Trasporto pubblico non di linea – Muoviti Italia chiede una riforma per colmare il divario tra domanda e offerta
Muoviti Italia, la coalizione che promuove una mobilità più efficiente, sostenibile e orientata ai bisogni degli utenti attraverso analisi, dati e proposte di policy, è intervenuta in audizione presso la IX Commissione Trasporti della Camera dei Deputati nell’ambito dell’indagine conoscitiva sul trasporto pubblico non di linea.
Nel corso dell’audizione è stato ascoltato il portavoce della coalizione Andrea Giuricin, che ha illustrato evidenze e analisi sulle principali criticità del settore, contribuendo al dibattito sulla necessità di un aggiornamento del quadro normativo: “L’audizione di oggi conferma la necessità urgente di aggiornare il quadro normativo del trasporto pubblico non di linea. I dati mostrano chiaramente un disallineamento tra domanda e offerta che penalizza cittadini e sistema economico. È fondamentale adottare un approccio pragmatico, basato su evidenze e orientato all’innovazione, per costruire un sistema più efficiente, integrato e capace di rispondere alle reali esigenze di mobilità del Paese”.
Al centro del confronto è emersa la forte crescita della domanda di mobilità, sostenuta dall’aumento dei flussi turistici e del traffico aereo, a fronte di un’offerta rimasta sostanzialmente invariata nel tempo. Questo squilibrio genera effetti concreti per i cittadini, tra cui tempi di attesa elevati e un numero significativo di richieste di servizio inevase nelle principali aree urbane: a Roma si stimano circa 4 milioni di richieste annue non soddisfatte (oltre il 30%), mentre a Milano circa 500.000 richieste al mese non trovano risposta.

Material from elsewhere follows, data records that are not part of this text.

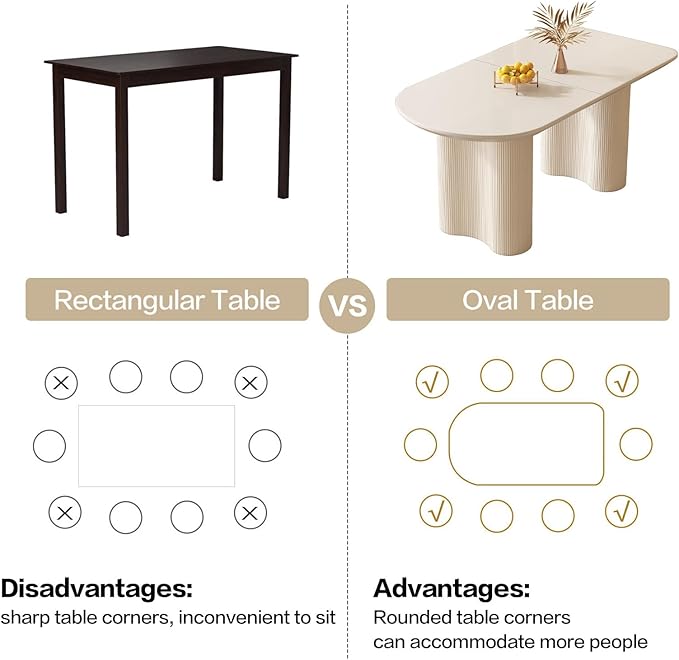 Guyii 55.11" Dining Table, Modern Kitchen Table for 6 People, Indoor Dining Table for Kitchen, Bar, Living Room, Small Space, White, Table Only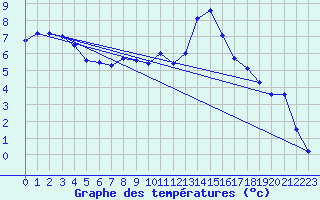 Courbe de tempratures pour Zwiesel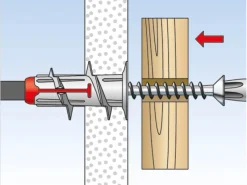 Fischer Gipskartondübel Duoblade S mit Spanplattenschraube je 20 Stück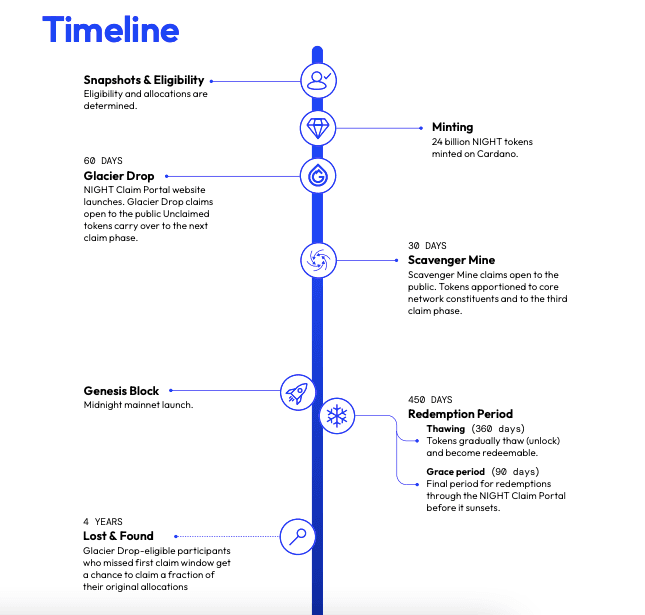 Everything About Midnight (NIGHT) Crypto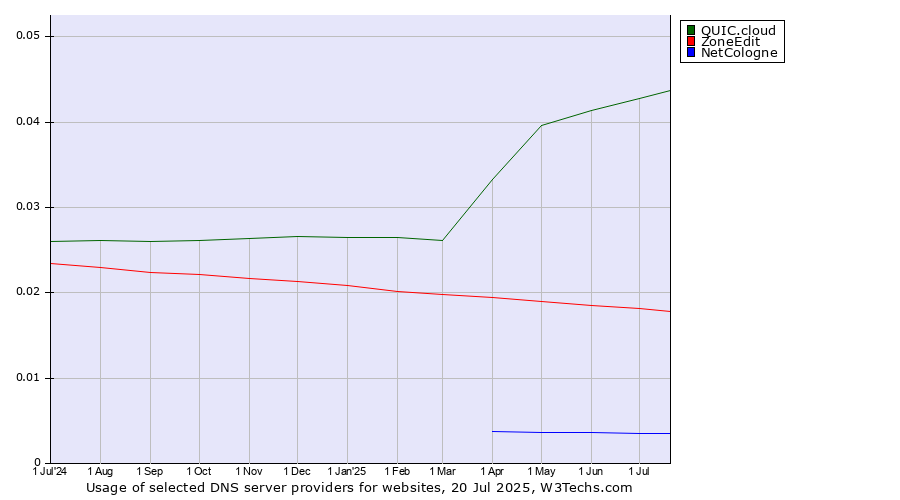 Historical trends in the usage of QUIC.cloud vs. ZoneEdit vs. NetCologne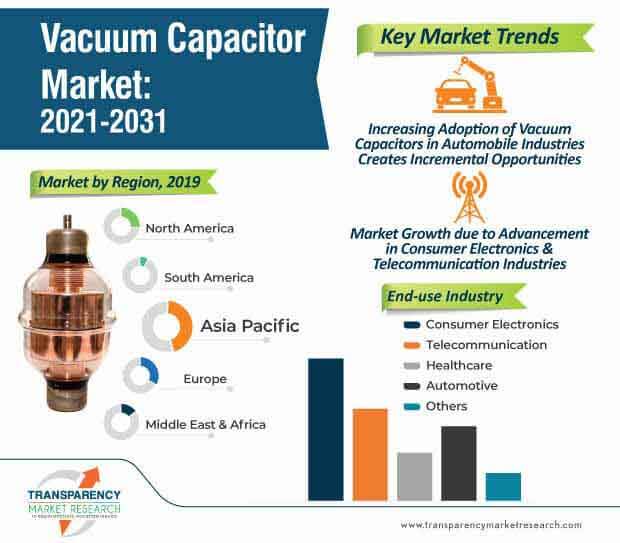 Vacuum Capacitor Market Infographic vacuum capacitor market infographic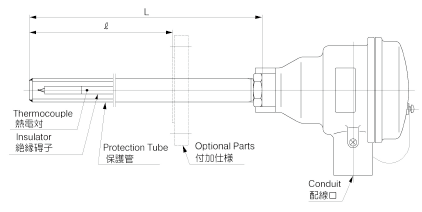 pt100 Okazaki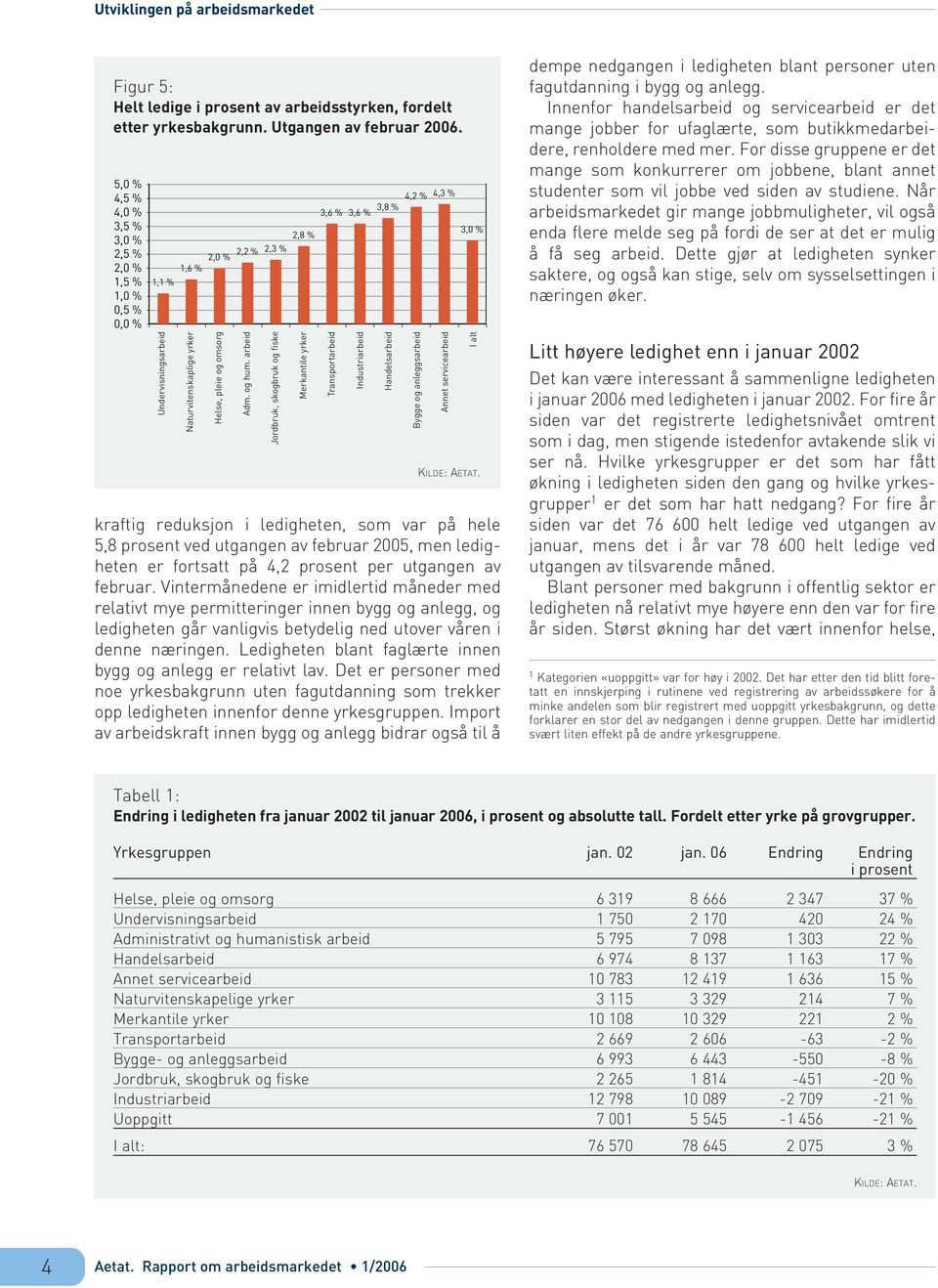 arbeid Jordbruk, skogbruk og fiske 2,8 % Merkantile yrker 3,6 % 3,6 % 3,8 % 4,2 % 4,3 % kraftig reduksjon i ledigheten, som var på hele 5,8 prosent ved utgangen av februar 2005, men ledigheten er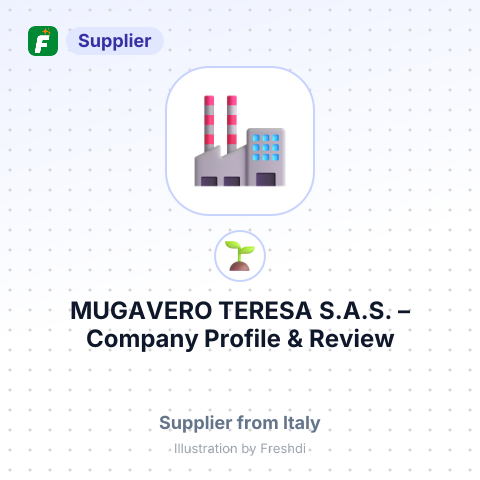 MUGAVERO TERESA S.A.S. – summary card, no photo uploaded yet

Le analisi richiamate durante l’audizione – in linea anche con le valutazioni dell’Autorità Garante della Concorrenza e del Mercato – evidenziano inoltre come, rispetto ad altre realtà europee, l’Italia presenti una disponibilità di servizi inferiore, a conferma di una carenza strutturale dell’offerta.
Muoviti Italia ha ribadito che la tutela dell’impianto della legge n. 21/1992 non può tradursi in una sua cristallizzazione, ma deve accompagnarsi a un aggiornamento coerente con l’evoluzione della domanda, delle tecnologie e dei modelli di mobilità. In questo senso, risulta necessario un sistema regolatorio più moderno e proporzionato, in linea con gli orientamenti della Corte Costituzionale e delle Autorità indipendenti.
Tra le principali direttrici di intervento indicate: maggiore integrazione e complementarietà tra taxi e NCC, coordinamento sovracomunale, anche a livello regionale, governance basata sui dati, anche attraverso strumenti come il registro RENT e sviluppo di modelli innovativi, tra cui il demand-responsive transport.
Le proposte di legge attualmente in discussione rappresentano un primo passo nella direzione di una riforma del settore, in particolare per il rafforzamento del coordinamento sovracomunale. Tuttavia, permane l’opportunità di interventi ulteriori per superare la frammentazione regolatoria, introdurre strumenti più flessibili per adeguare l’offerta alla domanda e rimuovere vincoli operativi non più coerenti con l’evoluzione del mercato.